Excerpted data ::
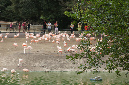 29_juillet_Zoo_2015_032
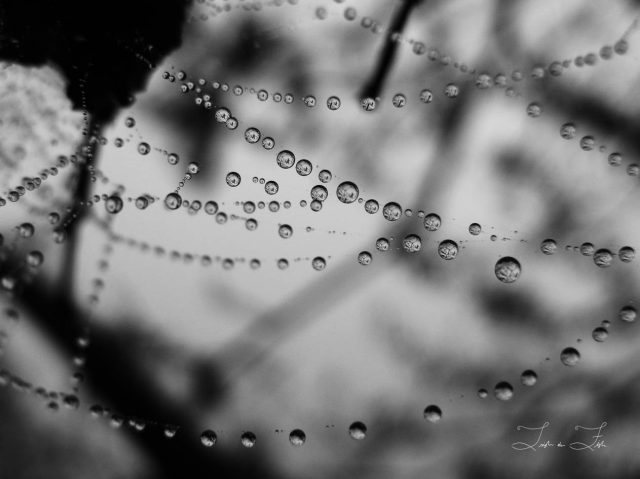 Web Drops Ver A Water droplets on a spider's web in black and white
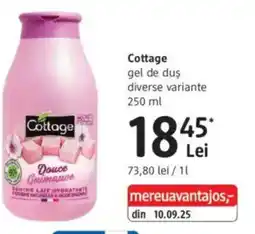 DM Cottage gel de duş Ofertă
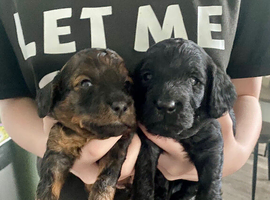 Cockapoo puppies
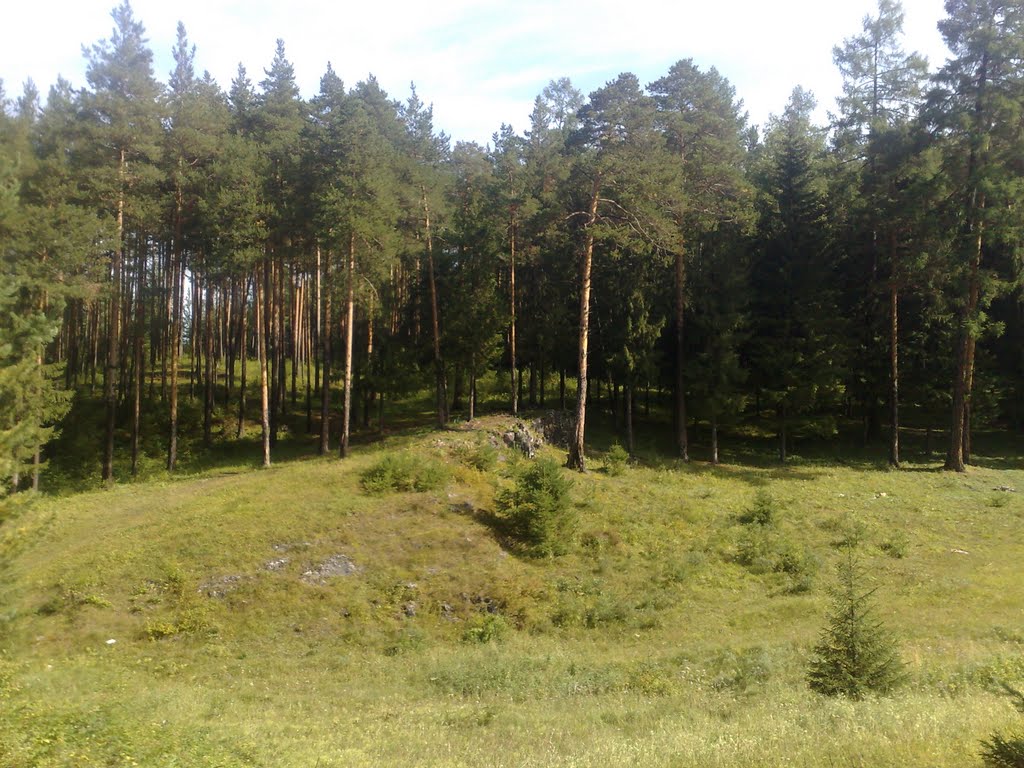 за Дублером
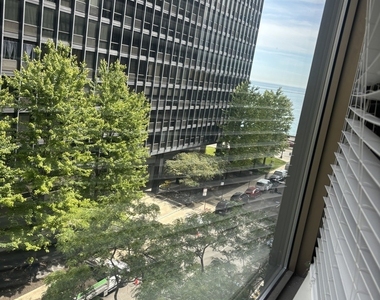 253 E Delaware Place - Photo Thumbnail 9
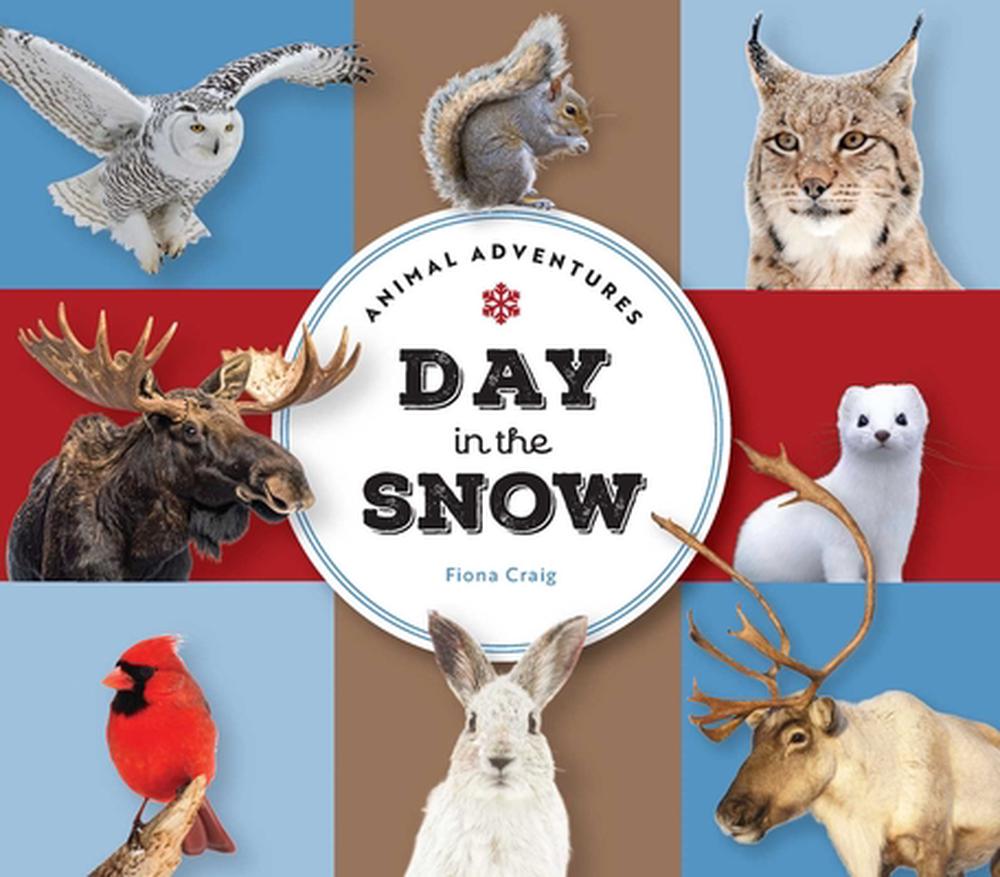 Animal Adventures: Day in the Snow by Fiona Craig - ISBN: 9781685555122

Your objective ::
Reproduce exactly and only the lines from the "за Дублером" line to the last line of the records above. Do not carry over any pictures.

Solution ::
 за Дублером
 253 E Delaware Place - Photo Thumbnail 9
 Animal Adventures: Day in the Snow by Fiona Craig - ISBN: 9781685555122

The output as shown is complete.